Archive for Monday, November 20, 2006

Brownback, Obama to take HIV test

November 20, 2006

Here are today's headlines from the Kansas congressional delegation:

Sen. Sam Brownback (R)


(ABC News) Sens. Obama, Brownback to Get HIV Tests: Another sign of the new Washington: bipartisan HIV testing. At a World AIDS Day conference in California next month, two potential 2008 presidential rivals Sens. Barack Obama, D-Ill., and Sam Brownback, R-Kan. will each take an HIV test and encourage others to do the same. To reduce stigma around the test and publicize its value, "I'm happy to offer my body for science," Brownback said in a telephone interview Friday. "People need to get the test," he added. Obama press secretary Tommy Vietor said, "If two United States senators can do it, then everyone else can too."

(McClatchy) New faces, same debate on `amnesty': Still, when Gallup last month asked U.S. adults about "top priorities for the president and Congress to deal with," they ranked immigration third, behind Iraq and the economy. "I don't think we did ourselves any favors when we engaged the public in a major topic and didn't pass the legislation to deal with it," said Sen. Sam Brownback, a Kansas Republican who backed the Kennedy-McCain plan.

Rep.-elect Nancy Boyda/U.S. Rep. Jim Ryun (D)

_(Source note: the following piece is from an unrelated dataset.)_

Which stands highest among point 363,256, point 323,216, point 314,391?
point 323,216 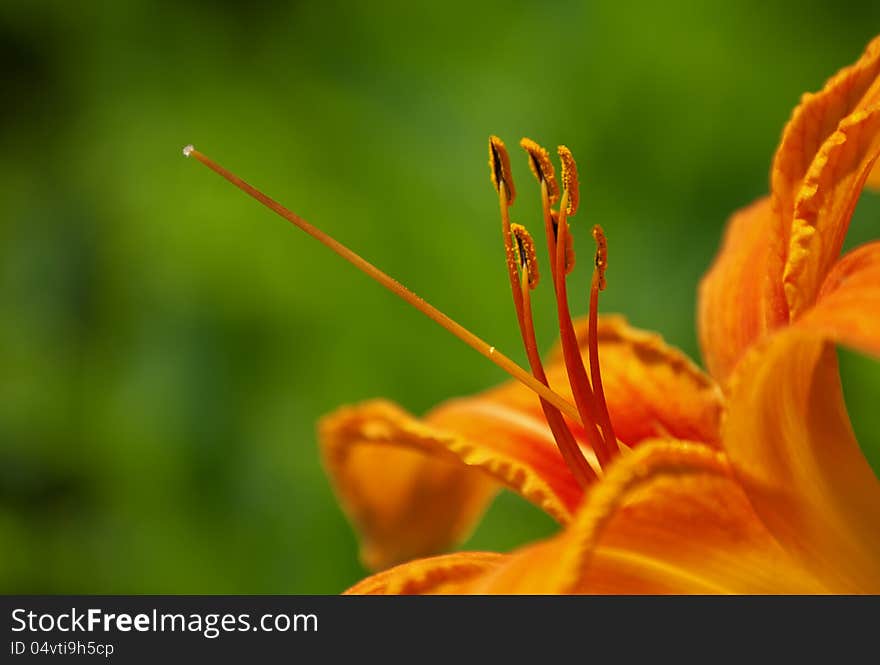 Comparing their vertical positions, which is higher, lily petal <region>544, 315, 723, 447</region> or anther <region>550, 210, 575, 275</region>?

(Topeka Capital-Journal) Ryun dissects election defeat: Rep. Jim Ryun, R-Kan., blamed his re-election defeat Thursday on a range of influences, including overconfident campaign volunteers, news reports that questioned his honesty and distortion of his voting record by Democrat Nancy Boyda. Ryun, a five-term Republican incumbent beaten by Boyda on Nov. 7, said in his first detailed explanation of the loss that another important factor was voter disappointment with the Iraq war. Ryun is closely aligned with President Bush's policy on the conflict. There was a convergence of forces the day of the election, Ryun said, that overshadowed a decade of work on behalf of residents of the 2nd Congressional District, which includes Topeka and runs from the Nebraska to Oklahoma borders.